Thursday, August 2, 2007

Dirty Little Secrets About VCs

After covering venture capitalists for about ten years, I've finally learned two things (I'm a slow learner):

    1. They need to hear about companies before their competition. (As a journalist, I can relate.)
    2. They compete fervently with other VCs to get their money into the best start-ups at the right valuation

Though they like to portray themselves as omniscient and omnipotent, they're actually quite anxious about missing the next big deal.

Blogging is still a new phenomenon among VCs here in Boston. (Jeff Bussgang at IDG Ventures has been at it the longest, as far as I can tell.)

One major purpose that blogging serves for the less-established VCs who do it is to raise their profile among entrepreneurs, to show entrepreneurs that they understand a particular space, that they are totally in sync. Older, more established VCs have a reputation, and entrepreneurs are magnetically pulled to them because of their track record, or because successful entrepreneurs make an introduction -- go see Mr. Greybeard, who's a partner at Established Venture Partners at the Bay Colony Center. They don't have to blog. (Yet.)

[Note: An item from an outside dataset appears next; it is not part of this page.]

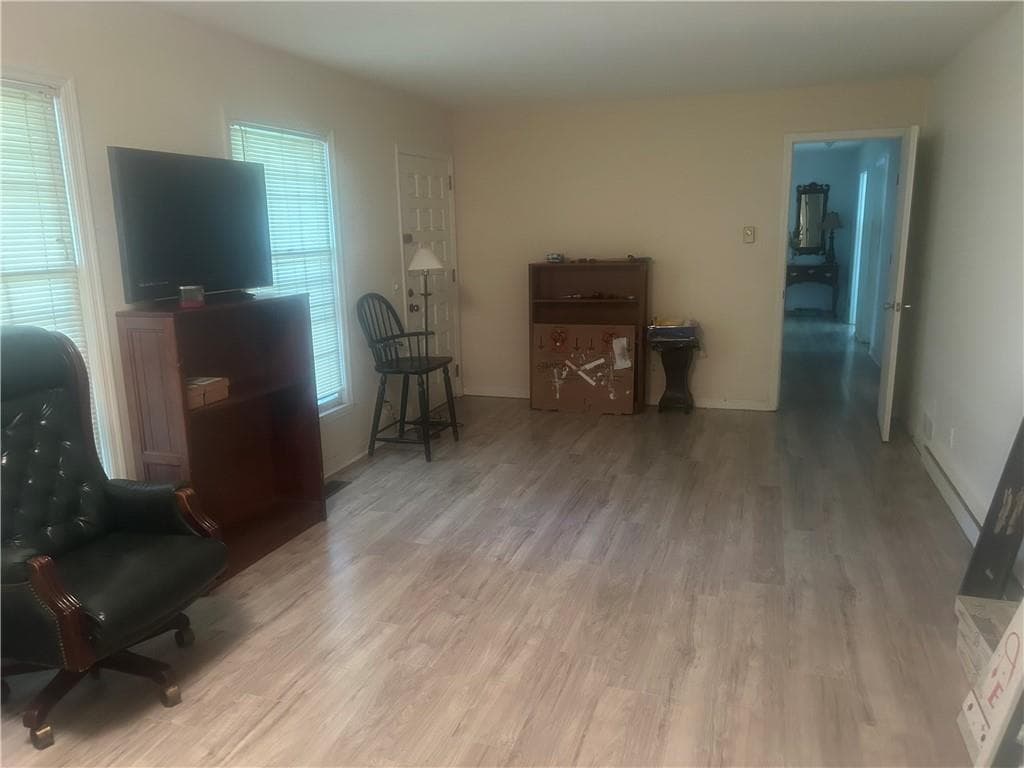 4 bedroom, 2 bathroom, 1,724 sq ft single family residence under contract at 3814 Todd Drive, Oakwood, GA 30566 — photo 10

But the less-established VCs blog, and I suspect that is going to make them appealing to a new generation of not-yet-proven entrepreneurs with compelling ideas...and help them hear about these ideas first. On the West Coast, David Hornik of August Capital is the best example of a VC who has built his reputation atop his blog. Entrepreneurs know who he is.

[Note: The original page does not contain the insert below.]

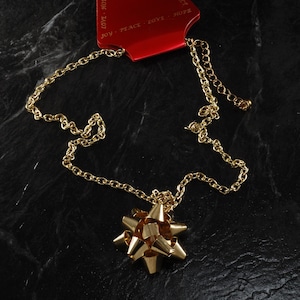 Gold Bow Necklace Christmas Bow Gold Tone Metal Jewelry Accessory 18-20&quot; Adjustable Chain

I think the same is beginning to happen out here with the VC-bloggers (there's a list of them at right). The Rolodex and schmoozing and personal connections are still going to be important, but a blog is a great way to broadcast that you understand what's changing in the tech world -- both to entrepreneurs in New England and elsewhere.

What got me thinking about this was David Beisel's great post on "Seven Coming Digital Uber-trends which are Ripe for Startup Opportunities." This kind of stuff is flypaper for entrepreneurs; I know David's going to get e-mails from a bunch of start-ups saying, "Hey, I'm working on trend #2, can we set up a meeting?"